Let me cite my proposal again and clarify some things / ask some questions:

 <video>
 <source src="video.ogv" type="video/ogg">
   <track id='ogg_v' role='video' ref='serialno:1505760010'>
   <track id='ogg_a' role='audio' lang='en' ref='serialno:0821695999'>
   <track id='ogg_ad' role='auddesc' lang='en' ref='serialno:1421614520'>
   <track id='ogg_s' role='sign' lang='ase' ref='serialno:1413244634'>
   <track id='ogg_cc' role='caption' lang='en' ref='serialno:1421849818'>
 </source>
<source src="video.mp4" type="video/mp4">
   <track id='mp4_v' role='video' ref='trackid:1'>
   <track id='mp4_a' role='audio' lang='en' ref='trackid:2'>
 </source>
 <overlay>
   <source src="en.srt" lang="en-US">
   <source src="hans.srt" lang="zh-CN">
 </overlay>
</video>

Eric said:
> I *really* don't like the idea of requiring page authors to declare the
> track structure in the markup.

And Philip added to this:
> I really don't see a problem with waiting until
> metadataloaded for the menu to be available. Picking a language in the < 1
> sec before that seems like a fringe use case which can be solved by sending
> the information in an site-specific format using data-* attributes or
> similar.

Ken Harrenstien from Google wrote this to me (and allowed me to quote
him, which is why I cc-ed him):
> The principal reason for wanting to allow explicit markup is latency
> and infrastructure overhead.
>
> Without the markup, the only way to know what's in-band is to start
> streaming the video.  How long will it take to find out what kinds of
> captions it contains and whether they are supported?  How much
> bandwidth and setup is wasted in the process?  At Google we care very
> deeply about those things.
>
> I think this information is very, if not exactly, analogous to the
> other markup provided for <video>. I need it to tell immediately if the video is even
> playable/watchable for me (as a hearing-impaired person).

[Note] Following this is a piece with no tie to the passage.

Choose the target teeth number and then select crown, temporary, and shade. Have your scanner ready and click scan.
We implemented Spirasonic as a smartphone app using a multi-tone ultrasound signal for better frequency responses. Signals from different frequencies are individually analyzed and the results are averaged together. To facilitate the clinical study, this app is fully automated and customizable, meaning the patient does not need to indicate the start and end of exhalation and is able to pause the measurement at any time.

I believe he has a strong case.

Further, if the media elements will indeed change from using
@autobuffer to using @preload, where prefetching of no video data is
possible, then the UA has to be told in some other way what the
resource composition is. After all, the UA should display to the user
what accessibility tracks are available and allow the user to turn
them on/off (suggested to happen through a menu that is built by the
UA and added to the video transport bar).

Also, it is really important to expose the role (and the language)
that a track takes on within a multitrack media file, such that a UA
can decide whether to display a track or not and where to display it.
I do believe that the control of which tracks are being displayed
should stay with the UA and not be forced by the file or the media
framework. I cannot see a better way for exposing this functionality
uniformly across multiple media file types other than explicit markup.

If we buried the track information in a javascript API, we would
introduce an additional dependency and we would remove the ability to
simply parse the Web page to get at such information. For example, a
crawler would not be able to find out that there is a resource with
captions and would probably not bother requesting the resource for its
captions (or other text tracks).

Eric further said:
> It seems to me that because it will require
> new specialized tools get the information, and because it will be really
> difficult to do correctly (ten digit serial numbers?), people are likely to
> just skip it completely.

There is a need for addressing the track in a unique way, i.e.
javascript needs to be able to tell the media framework exactly which
track it is talking about (e.g. to turn it on or off).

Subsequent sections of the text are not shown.